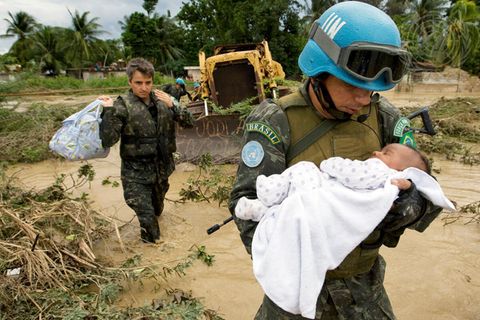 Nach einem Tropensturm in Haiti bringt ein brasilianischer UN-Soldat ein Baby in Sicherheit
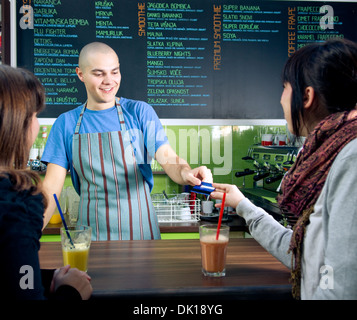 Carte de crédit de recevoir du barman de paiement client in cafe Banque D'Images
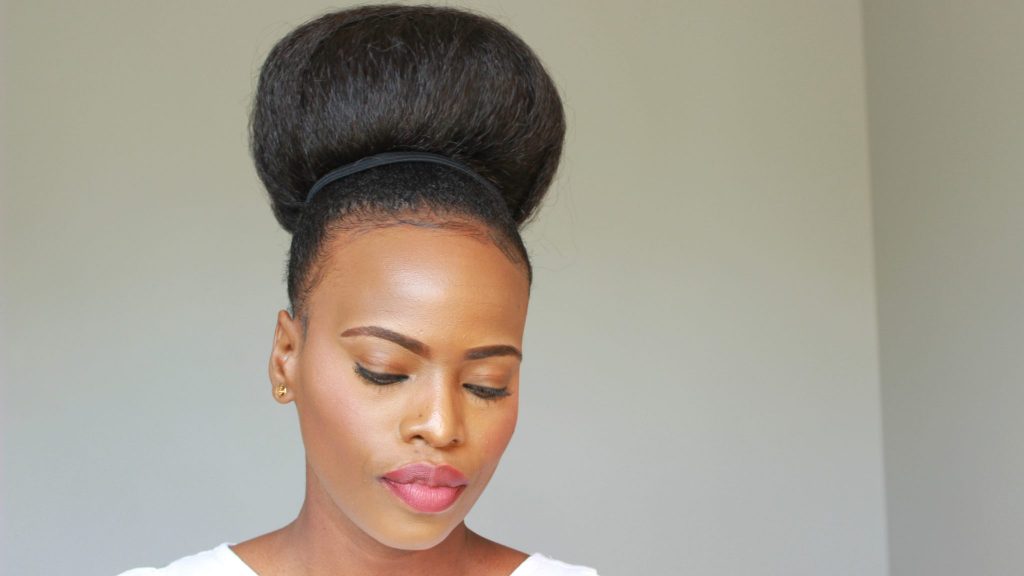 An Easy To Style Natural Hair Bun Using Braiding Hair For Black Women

────

TASK STATEMENT. Please print the data above once more, exactly and without images.

RESULT.
 Nach einem Tropensturm in Haiti bringt ein brasilianischer UN-Soldat ein Baby in Sicherheit
 Carte de crédit de recevoir du barman de paiement client in cafe Banque D'Images
 An Easy To Style Natural Hair Bun Using Braiding Hair For Black Women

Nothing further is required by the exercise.